Any thoughts, or references?
EDIT
I found one paper which seems relevant, http://ac.els-cdn.com/S0304414913000811/1-s2.0-S0304414913000811-main.pdf?_tid=5ddf25ce-ac17-11e6-a0a4-00000aacb35d&acdnat=1479312884_12ea86a56c9581553b7607211e21941d  but there must be something more specific?   Also, very low views in this question, is there something I can do to make the question clearer?
 A: As the observation errors acts multiplicatively on the true deaths, including it additively on the linear scale doesn't seem optimal to me. At least in my field, the standard would be a hierarchical model that first models the (latent) true events for reason A as
expectedDeathsA = exp(x1 + x2 + f(vaccine, t) )

trueDeathA ~ poisson(expectedDeathsA)

and then derive from that the two observed responses
reportedDeathsA ~ binomial(trueDeathA, observationError)
reportedTotalDeaths ~ f(trueDeathA, otherDeaths)

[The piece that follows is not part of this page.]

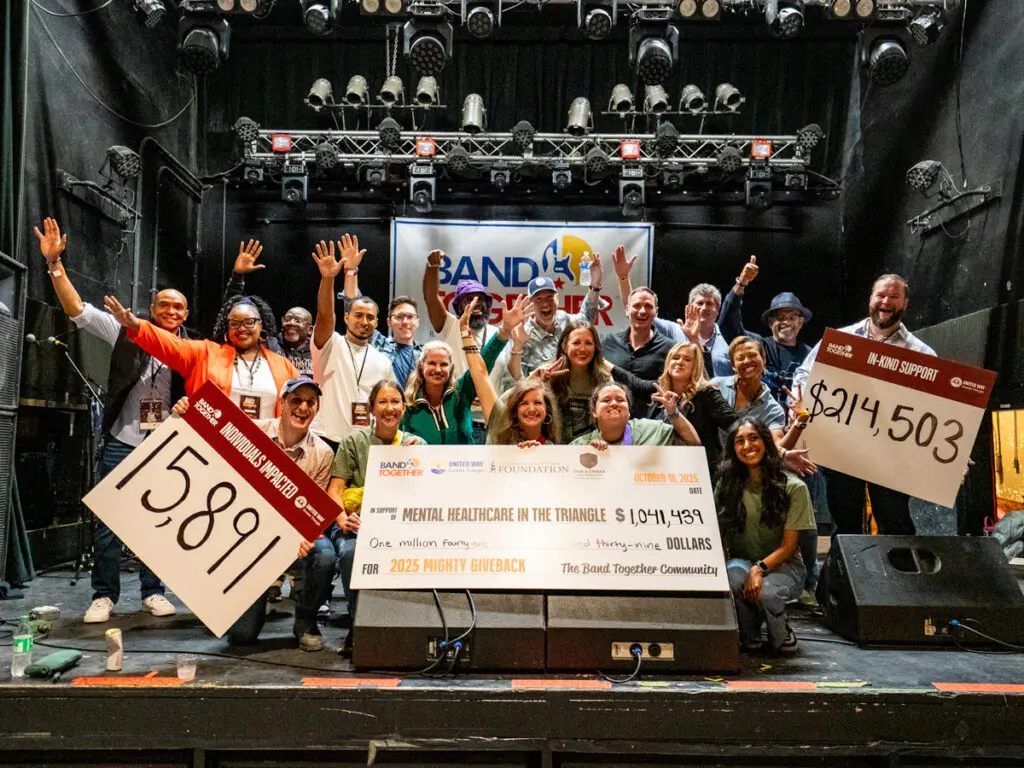 people on stage holding a check for band together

where observationError could be again a function of time if needed, and the "~ f" in reportedTotalDeaths could mean any function or distribution you want. It's pretty easy to implement such a model in JAGS or STAN, but you will likely have to go Bayesian (no idea if AD Model Builder would work as well, if yes this could provide MLEs). 
A word of warning: the experience is that it is very hard to estimate the observation accuracy if you don't have a few cases where you know trueDeathA, or a strong prior (but then you don't really estimate the accuracy). Even with repeated observations (which you don't have if the vaccine effectiveness changes in time), small model errors / changes can have huge effects on the estimates. The idea with including the reportedTotalDeaths is helpful to avoid this problem, but I'm not sure how much benefits it generates, as you have to consider that otherDeaths could change over time as well.
References


*

*A standard reference for the model without the totalDeaths would be Royle, J. A. (2004) N-Mixture Models for Estimating Population Size from Spatially Replicated Counts. Biometrics, 60, 108-115.

*An excellent textbook with code on these models is: Kéry, M. & Royle, J. A. (2015) Applied Hierarchical Modeling in Ecology: Analysis of distribution, abundance and species richness in R and BUGS: Volume 1: Prelude and Static Models. Academic Press

*The following reference discusses data needs for reliably estimating observation errors Guillera-Arroita, G. (2016) Modelling of species distributions, range dynamics and communities under imperfect detection: advances, challenges and opportunities. Ecography.
These are all for species abundances, but in the end it's all count data I guess.